I don't like the paper's introduction and motivation sections, so I will explain these my way.

The problem with 2PC

2PC is a commit protocol. A coordinator (transaction manager, TM) consistently decides based on participants (resource managers, RMs) feedback to commit or abort. If one RM sees/applies a commit, all RMs should eventually apply commit. If one RM sees/applies an abort, all RMs should eventually apply abort. Below figure shows 2PC in action. (If you are looking for a deeper dive to 2PC, read this.)

There are three different transactions going on here. All transactions access two RMs X and Y.

T1, the blue transaction is coordinated by C1, and this ends up committing. C1 starts by sending prepare messages to X and Y, and upon receiving their prepared-ack, it sends them a commit message. Happy path!

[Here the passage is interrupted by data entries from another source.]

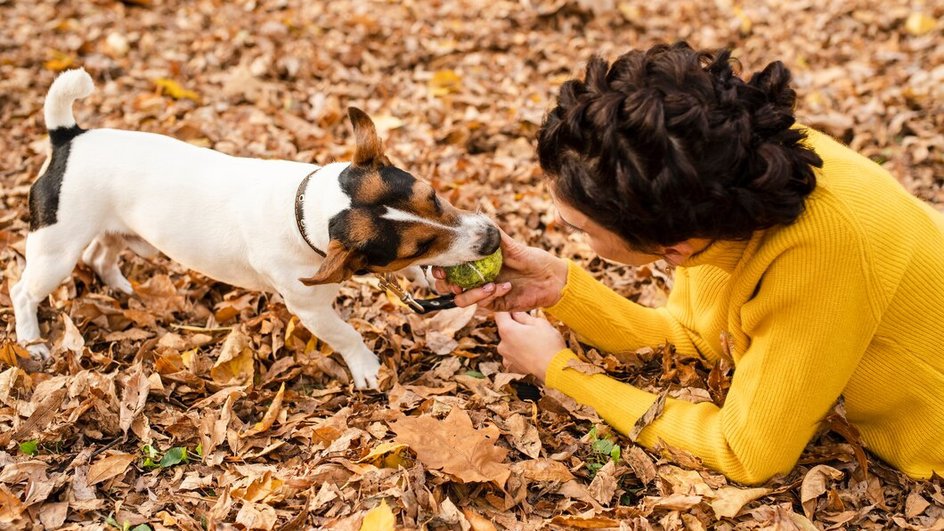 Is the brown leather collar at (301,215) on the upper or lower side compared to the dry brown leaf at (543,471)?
upper

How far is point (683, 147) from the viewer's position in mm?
2283

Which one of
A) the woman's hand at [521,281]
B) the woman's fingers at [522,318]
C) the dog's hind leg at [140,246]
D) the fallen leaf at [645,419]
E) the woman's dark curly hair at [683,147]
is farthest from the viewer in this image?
the dog's hind leg at [140,246]

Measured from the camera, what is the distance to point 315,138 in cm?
561

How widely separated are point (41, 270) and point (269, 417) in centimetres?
145

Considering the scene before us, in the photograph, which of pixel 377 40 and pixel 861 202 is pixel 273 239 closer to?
pixel 861 202

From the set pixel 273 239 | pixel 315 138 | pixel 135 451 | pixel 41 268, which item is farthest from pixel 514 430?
pixel 315 138

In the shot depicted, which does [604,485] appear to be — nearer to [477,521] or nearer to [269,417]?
[477,521]

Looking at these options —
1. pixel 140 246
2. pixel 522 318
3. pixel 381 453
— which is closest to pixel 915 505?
pixel 522 318

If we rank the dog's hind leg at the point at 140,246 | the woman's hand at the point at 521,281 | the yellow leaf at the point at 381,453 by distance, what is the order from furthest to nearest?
1. the dog's hind leg at the point at 140,246
2. the woman's hand at the point at 521,281
3. the yellow leaf at the point at 381,453

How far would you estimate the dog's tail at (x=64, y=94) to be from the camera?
3.67 metres

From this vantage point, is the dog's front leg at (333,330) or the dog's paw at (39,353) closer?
the dog's front leg at (333,330)

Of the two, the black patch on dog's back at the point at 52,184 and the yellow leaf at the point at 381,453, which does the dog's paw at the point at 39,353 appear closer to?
the black patch on dog's back at the point at 52,184

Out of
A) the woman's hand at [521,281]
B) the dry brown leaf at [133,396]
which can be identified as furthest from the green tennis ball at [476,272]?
the dry brown leaf at [133,396]

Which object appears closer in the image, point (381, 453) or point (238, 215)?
point (381, 453) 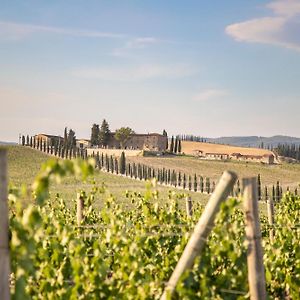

T2, the first red transaction is coordinated by C2, and ends up aborting. C2 sends prepare messages to X and Y, and since both are locked for t1, it receives back nack so C2 rules for an abort.

Finally T3, the second red transaction, also coordinated by C2, illustrates a hang-up scenario with 2PC. C2 sends prepare messages to X and Y. Y says yes. The message to X is delayed and there are two branching worlds W1 and W2. In W1, the lock message from C2 arrives before X fails, and thus C2 can commit before itself failing. In W2, the lock message is delayed until after X fails, thus C2 does not commit before failing. Since X and C2 have failed, W1 is indistinguishable from W2, and hence X is unrecoverable.

So, while 2PC is fast and simple, it is not fault-tolerant.

2PC amended

The popular approach in industry is to run 2PC on top of Paxos/Raft groups. This is the mule of distributed systems used by practically all distributed sharded databases out there, including Spanner, CRDB, MongoDB, Yugabyte, etc.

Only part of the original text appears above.